Although Vista Virtual Prototype can be invoked from the command line, the platform provides an easy-to-use Sourcery CodeBench IDE environment which enables better control of the simulation with direct visibility and control of hardware objects (such as registers and values stored in them), tight HW/SW debugging, and file system interactions.


[Sourcery CodeBench HW/SW Debug GUI]

In the tightly coupled HW/SW debugging, hardware simulation can be controlled by setting breakpoint on the access of a hardware object, resetting devices and/or cores, setting simulation mode etc. And there are viewing and analysis facilities for various entities on the display such as hierarchical path to the breakpoint, SystemC simulation time, CPU core tracing, state of DMI (Direct Memory Interface), mode of simulation etc. The Vista Virtual Prototyping supports TLM modelling at LT (Loosely Timed) and AT (Approximately Timed) levels of hardware timing modes. Accordingly, there are two modes of simulation; Functional Mode which corresponds to LT, is fast, and is concentrated at integrating, debugging and validating the software; and Performance Mode which corresponds to AT, is slow, and is concentrated at analyzing and optimizing performance and power consumption. It allows users to select and switch between these timing modes during run time.

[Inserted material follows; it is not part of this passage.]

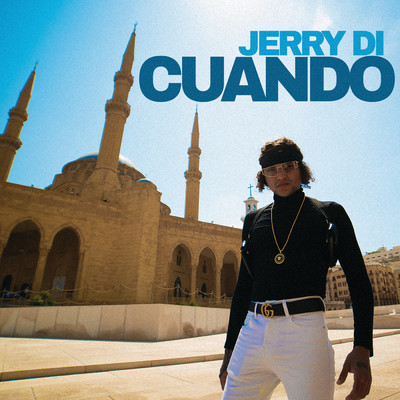 シングル/Cuando/Jerry Di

The platform provides excellent viewing and analysis capabilities with reports in graphical, textual or tabular form with varying degrees of granularity and display control on each view as desired by the user. Analysis types like Throughput, Latency, Power (static and dynamic), Power Distribution, Bus Throughput, Contention on bus model (Address phase and Data phase), and Arbitration time (Address and Data) are easily and automatically performed by Vista Virtual Prototyping Analyzer.

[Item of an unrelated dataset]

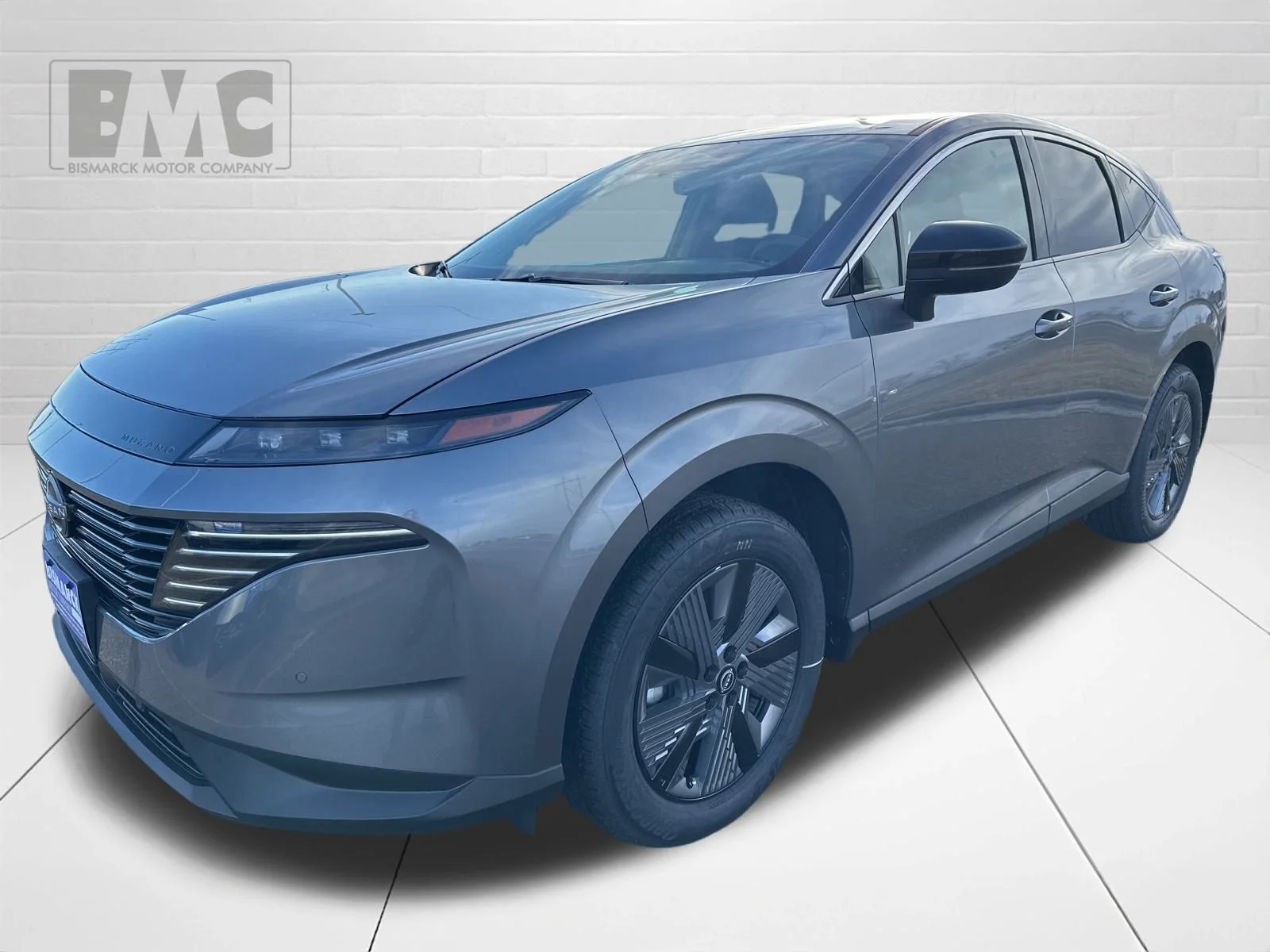 2026 Nissan Murano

[Power distribution comparison of two architectures]

Multiple simulation sessions can be compared to determine the effects of system configuration changes, protocol selection, and software changes on the design behaviour and its performance and power attributes.

An Embedded Sourcery Analyzer conducts software analysis such as CPU State and Statistics, File System Activity, Function Calls and Statistics, Lock Wait and Hold Times, Process and Thread State, Page Fault Rate, Memory Usage and Cache Hit/Miss Ratio.


[Native Unified Software IDE across Hardware Evolution]

Vista Virtual Prototyping is integrated into an embedded software design flow that combines validating and optimizing the software on an abstracted simulation model, through emulation, FPGA prototyping during the pre-silicon stage to final product at the post-silicon stage. Users can easily change the underlying hardware model between Vista Virtual Prototypes to hardware prototypes to boards staying within the same native Sourcery IDE.